Where They're Strong
- Unmatched endpoint telemetry: Falcon's single-sensor architecture and petabyte-scale threat intelligence make CrowdStrike the leader in endpoint protection. 100% detection rate in 2025 MITRE ATT&CK Enterprise Evaluation.
- AI agent identity security: Falcon Next-Gen Identity Security covers human, machine, and AI agent identities — strong story for securing AI agent access and preventing identity impersonation.
- GenAI data protection: Real-time protection for sensitive data across browsers, local apps, and shadow AI tools. Strong governance for employee AI usage.
- Massive installed base: Gartner Magic Quadrant Leader for Endpoint Protection 5 consecutive years. Natural expansion path for AI security add-ons.
- 2026 Global Threat Report validation: CrowdStrike's own intelligence confirms the AI threat landscape (breakout time 29 min, AI-enabled attacks up 89%) — validates the need for AIRS-class protection.
Landmines to Set
- "CrowdStrike secures endpoints. Ask them how Falcon protects the AI model supply chain — specifically, how do they detect backdoors and malicious code embedded inside an ONNX or PyTorch model file before it ever runs on an endpoint?"
- "How does CrowdStrike govern AI agent identities and permissions before deployment — or does that protection only kick in after an agent is running on an endpoint?"

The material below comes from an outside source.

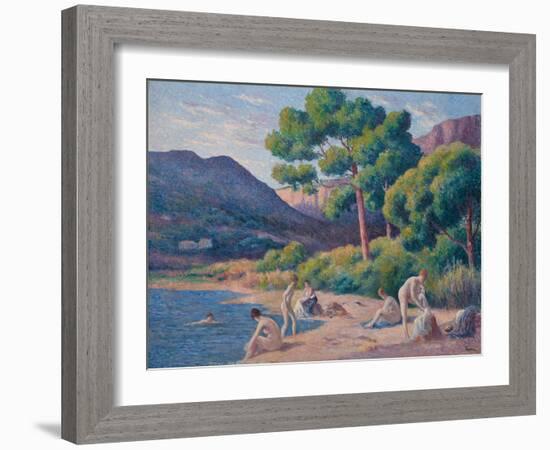 Baigneurs À Saint-Tropez, 1903 (Oil on Canvas)-Maximilien Luce-Framed Giclee Print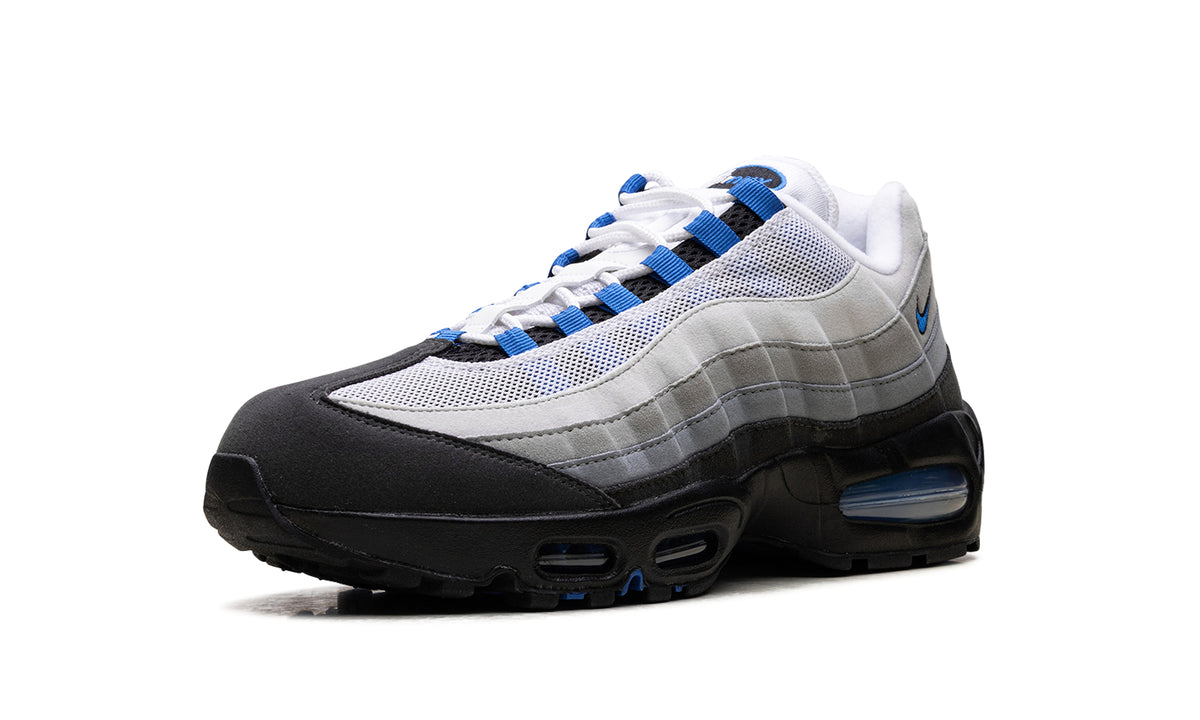 Nike Air Max 95 Sneakers - Gray Gradient and Black with Blue Accents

- "CrowdStrike AIDR is brand new (Fall 2025). Can you show how it detects a hidden backdoor inside a model file at the architecture/weights level — not at the endpoint behavior level?"
Traps They Set
- "CrowdStrike already has AIDR and Pangea — we're covered on endpoint" — Counter: CrowdStrike's AIDR secures AI at the endpoint. AIRS secures the AI model itself — the supply chain, the architecture, the training data — before it ever runs on an endpoint. An AI model backdoor installed during training will execute on the endpoint and bypass endpoint detection. You need both layers, or a platform that covers both.
- "CrowdStrike has the best threat intelligence" — Counter: CrowdStrike's adversary intelligence (265+ profiles) is excellent for endpoint and identity threats. For AI-specific threats, PAN has huntr (17K+ AI-focused researchers), WildFire model scanning, and Unit 42. CrowdStrike's own 2026 Global Threat Report confirms AI-specific attacks are accelerating — that's exactly the threat surface AIRS was built to cover.
Key Objections
We already have CrowdStrike for endpoint — they'll add AI security.
Response: CrowdStrike is the endpoint leader — keep them for endpoint. But AI security requires protecting the model supply chain, the training pipeline, and the runtime layer before threats reach the endpoint. AIRS and CrowdStrike are complementary layers. Many enterprises run both PAN (network/AI security) and CrowdStrike (endpoint) — the best security strategy uses the best tool for each layer.
CrowdStrike's Pangea acquisition gives them developer AI security.
Response: Pangea is a developer security library — it provides guardrails and prompt injection blocking for developers building AI apps. It's not a full enterprise AI security platform. Pangea doesn't scan models, doesn't do AI posture management, doesn't provide continuous red teaming, and doesn't integrate with NGFW/SASE for network-layer enforcement. AIRS is an enterprise platform; Pangea is a developer SDK.